Since the emergence of first Community Question Answering (CQA) systems, they became a substantial source of knowledge online. In the most popular and successful CQA systems, such as Yahoo! Answers or Stack Overflow, communities consisting of millions of users share their knowledge by providing answers on questions asked by the rest of the community. This question answering process is based on knowledge sharing between people and builds on theories of collective intelligence and wisdom of the crowd. More specifically, CQA represents a unique example of online community which utilizes principles of crowdsourcing, human computation and social computing.

In the recent time, motivated by many positive outcomes of open CQA systems on the open web, academy as well as industry became interested in a possibility to adapt CQA systems into additional contexts and environments.
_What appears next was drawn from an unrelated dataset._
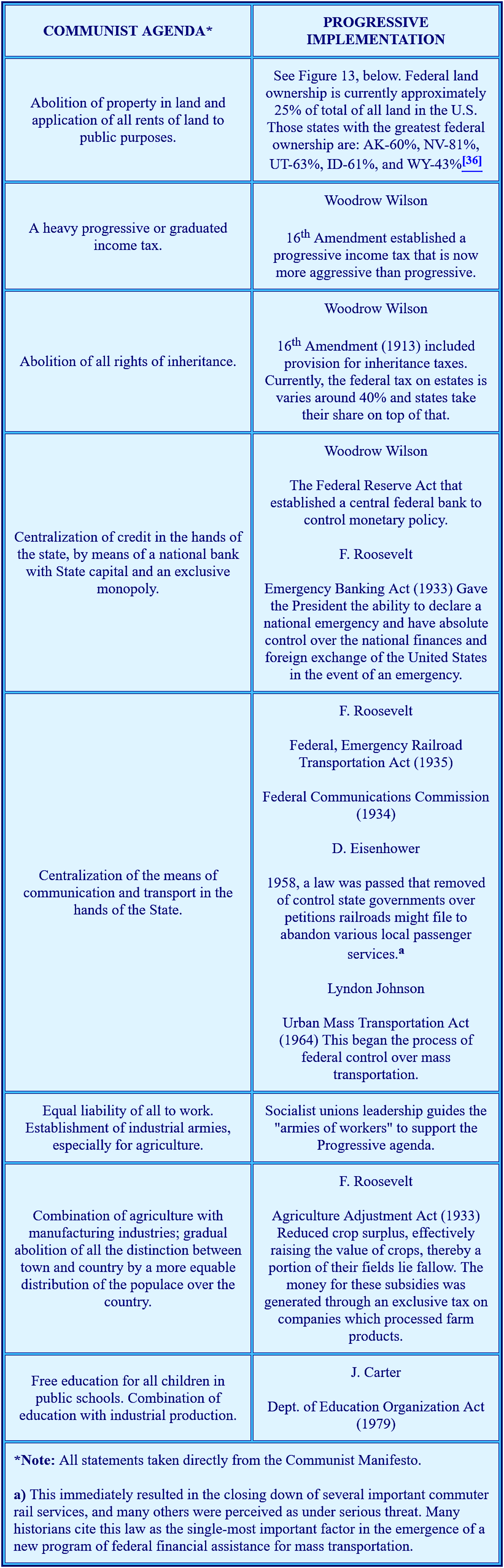 A comparison between the implementation agenda given in the Communist Manifesto and the actions of Progressives over the past century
At first, potential of CQA systems has been recognized not only in the context of the web, but also in educational domain [1], in crowd-based customer services [2] or in integrated development environments (IDE) [3]. Secondly, concepts of CQA systems can be utilized not only by large open communities, but also inside organizations (e.g. as a part of company’s social platform IBM Connect [4]). The transferability of CQA systems from the web to these new contexts and environments brings several open problems. Especially, their specifics naturally result in many new opportunities as well as limitations which should be taken into consideration when providing users with:

  • essential features – core functions related to the question answering process (e.g. in educational domain, it is essential to delay teachers’ answers to give students enough time to provide answers by themselves [1]), and

  • collaboration support (e.g. similarly in educational domain, it is necessary to perform precise expertise matching in new question recommendation as students should not be requested to answer questions which they are not capable to address [5]).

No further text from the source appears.